I was a pretty quiet kid. I watched the world because the world seemed so big. About thirty years later, in 1978, I went back to that house in Chase City, and I couldn’t believe what I was seeing. There was a well outside that couldn’t have been more than two feet deep that I had thought was six feet deep at least. There was a little creek that I thought was a river. I thought the backyard was a mile long and two miles wide. I would run around and not come back until dark. At that age, I didn’t have a clear sense of being a musician or a songwriter or an entertainer or anything. I wanted to be whatever I was seeing in the movies: a cowboy, probably.

Around 1950, I said good-bye to Virginia, too. It was spring, I think. My father didn’t show one day, and not very much was said about it. Some time later, a few weeks maybe, he reappeared, but something was different. He was driving a big black new Kaiser automobile, for starters, and the second he stepped out of the car he told us that we were leaving Virginia for New Jersey. I was excited to leave. It sounded like a fresh start, and not just because of the word New. We were going north. We were going in style, from the first moment we got on the highway all the way into New Jersey. From then on, to this day, I traveled the same routes and got familiar with all of the places, all of the road signs, the cigarette advertisements and so on. When we got into Philadelphia there were advertisements for Buttercup bread, Gillette razors. There were lots of Howard Johnsons lining the highway, and gas-station signs I had not seen before. That sparked my infatuation with being on the road and seeing the rest of the world. How could you not love it?

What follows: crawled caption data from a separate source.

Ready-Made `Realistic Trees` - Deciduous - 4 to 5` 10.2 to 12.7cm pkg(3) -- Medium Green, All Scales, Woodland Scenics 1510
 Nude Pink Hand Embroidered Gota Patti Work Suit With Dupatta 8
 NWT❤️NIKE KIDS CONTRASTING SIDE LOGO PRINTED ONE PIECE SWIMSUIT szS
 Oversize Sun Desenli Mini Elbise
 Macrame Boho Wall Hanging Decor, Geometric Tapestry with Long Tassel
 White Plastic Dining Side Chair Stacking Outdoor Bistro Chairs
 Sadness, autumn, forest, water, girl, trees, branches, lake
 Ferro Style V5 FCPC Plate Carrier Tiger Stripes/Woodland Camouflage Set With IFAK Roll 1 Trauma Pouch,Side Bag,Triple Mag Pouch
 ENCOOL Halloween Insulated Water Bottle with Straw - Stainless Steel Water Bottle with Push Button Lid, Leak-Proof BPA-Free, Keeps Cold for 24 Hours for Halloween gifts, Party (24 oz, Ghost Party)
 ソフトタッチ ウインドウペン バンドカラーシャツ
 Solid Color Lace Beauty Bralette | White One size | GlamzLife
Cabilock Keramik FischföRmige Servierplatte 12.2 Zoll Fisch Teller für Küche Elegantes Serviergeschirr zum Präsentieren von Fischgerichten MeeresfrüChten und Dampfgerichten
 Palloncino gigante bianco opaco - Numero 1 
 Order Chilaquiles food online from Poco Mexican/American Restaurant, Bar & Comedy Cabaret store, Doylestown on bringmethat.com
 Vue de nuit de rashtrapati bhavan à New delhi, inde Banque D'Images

When my family pulled into New Jersey that first day, it was like a different world from Virginia. In Chase City, there had been only one movie house. In Jersey, there was one every four or five blocks, playing King Solomon’s Mines or Harvey. There were more cars and kids and street peddlers and less sky and air. My mother moved north soon after my father did, and she ended up in East Orange, about ten minutes from where we lived in Newark. Now and then we’d head into New York City, and that was another thing altogether. There were buildings that blotted out the sky. There were more people than I ever knew existed.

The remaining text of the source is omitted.